As well there is a very good collection of Spanish art including around 20 by Francisco Zubaran (an early 17th century painter who we got to like in Seville), and some Murillo paintings which we really liked. These included a painting of the altar piece which he was working on in the Capuchin church in Cadiz when he fell from the scaffolding and died. Another painter created a beautiful canvas depicting Murillo lying in front of the Alter piece with the monks caring for him. It was very moving.

By then it was after 2.00 so we had some lunch and back to the hostel for a bit of a rest.

We had heard there was to be some flamenco on at 10.00, so we went off to that. No one turned up till around 11, then the place got crowded, and the music started. It did not involve dance, just a guitarist and a female flamenco singer. Although we could not understand a word, it was fantastic, and like the dance last week, just so passionate. We sat with 3 young Canadian women from the back packers hostel. When they started the second bracket of numbers, the 2 musicians called 2 fellows they knew from the audience. They were both incredibly skilled at flamenco clapping along with the other 2 performers, and made a terrific contribution.
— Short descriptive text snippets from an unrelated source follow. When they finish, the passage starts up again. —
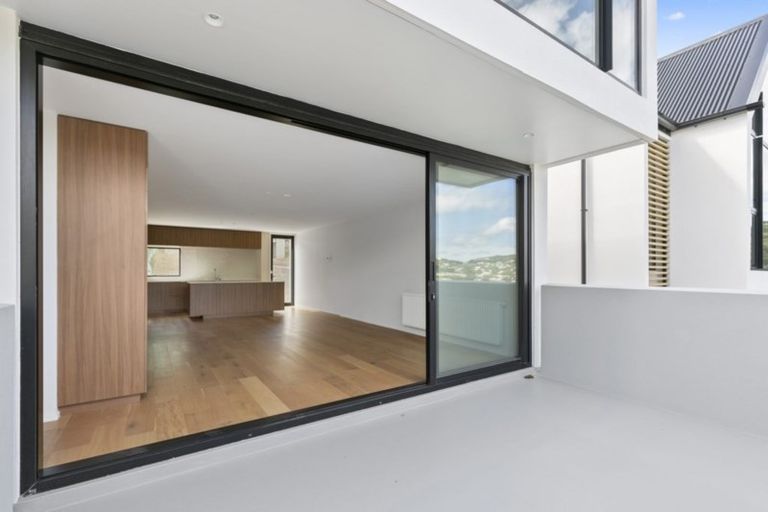 Photo of property in 75 Melbourne Road, Island Bay, Wellington, 6023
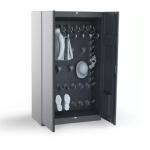 Melns žāvēšanas skapis ar durvīm, iekšpusē pakaramie un plaukti apģērbu un apavu žāvēšanai. Moderns un funkcionāls dizai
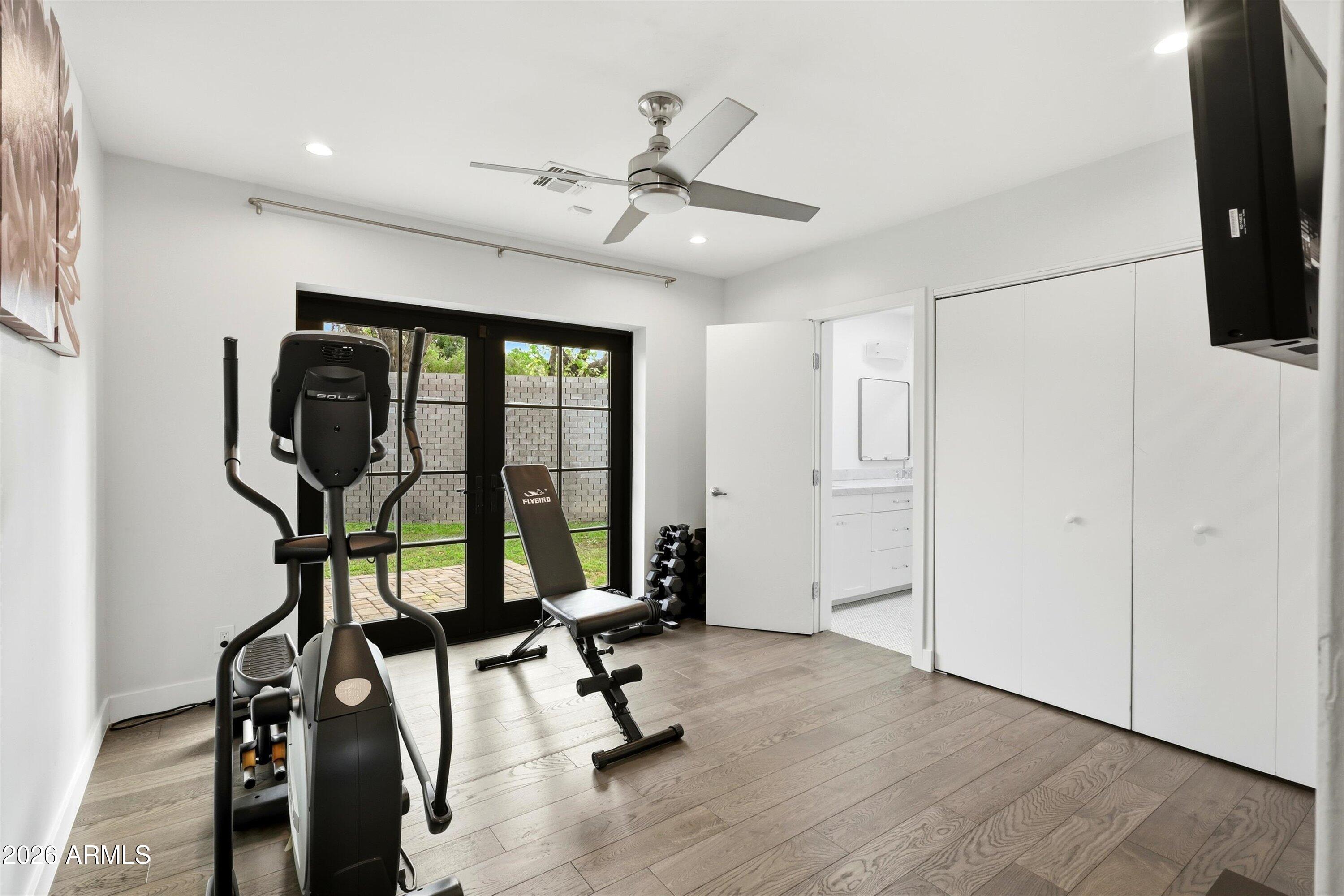 540 W SOLANO Drive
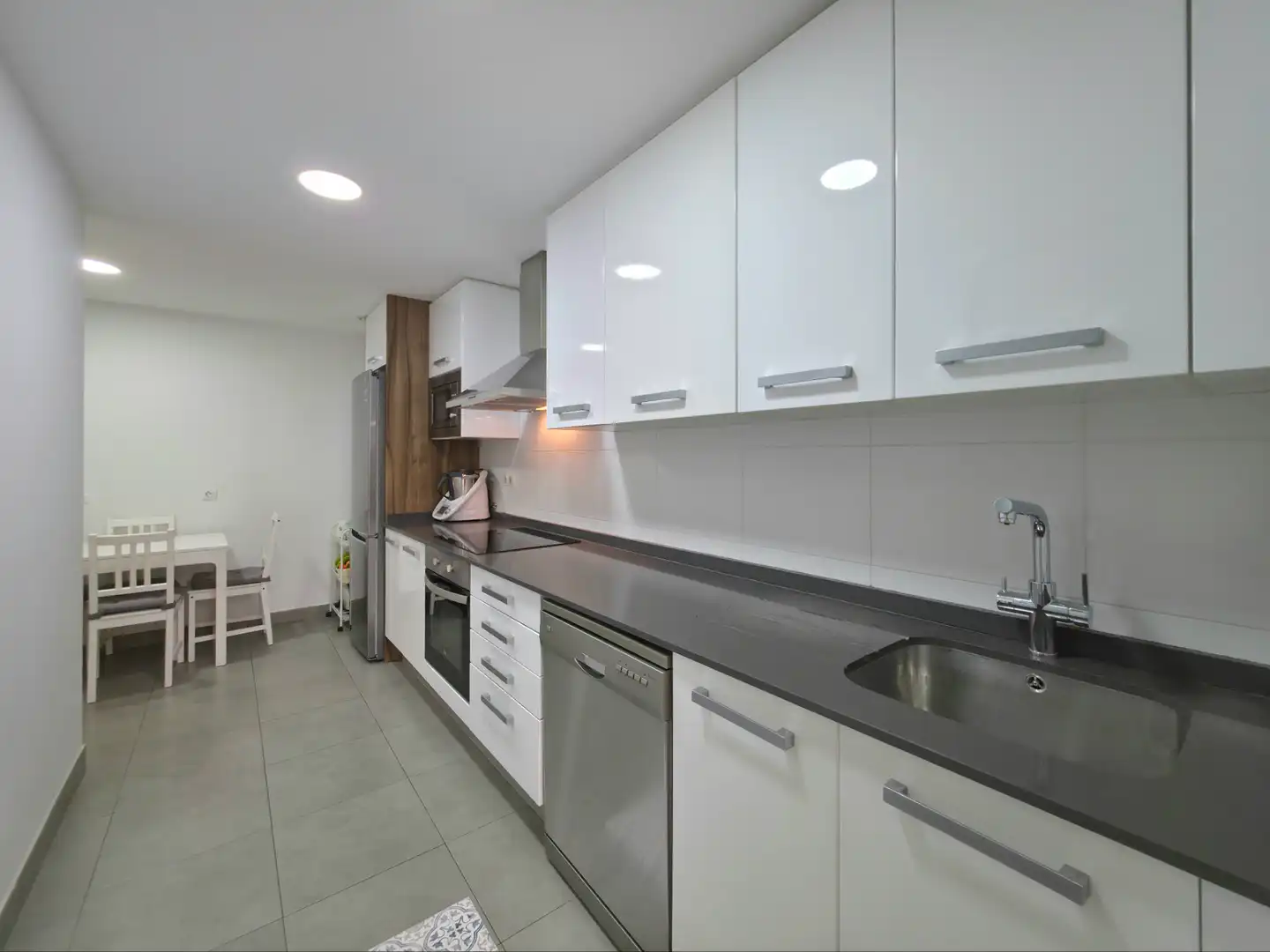 Cuina de Pis en venda en Alicante / Alacant amb Aire condicionat, Calefacció i Terrassa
We left to go home after midnight after the second bracket as we had an early bus to catch and needed to be up by 7am.  Passed a delightful piece of street sculpture to remind us of where we had just been.  We didn’t see the girls again so don’t know if they continued their performance with another bracket. It was terrific – we will definitely see what we can find in Córdoba. We had a marvellous sleep, although not long enough in our new room.  We loved Cadiz and found it a place you could reasonably get to know in the 36 hours we had.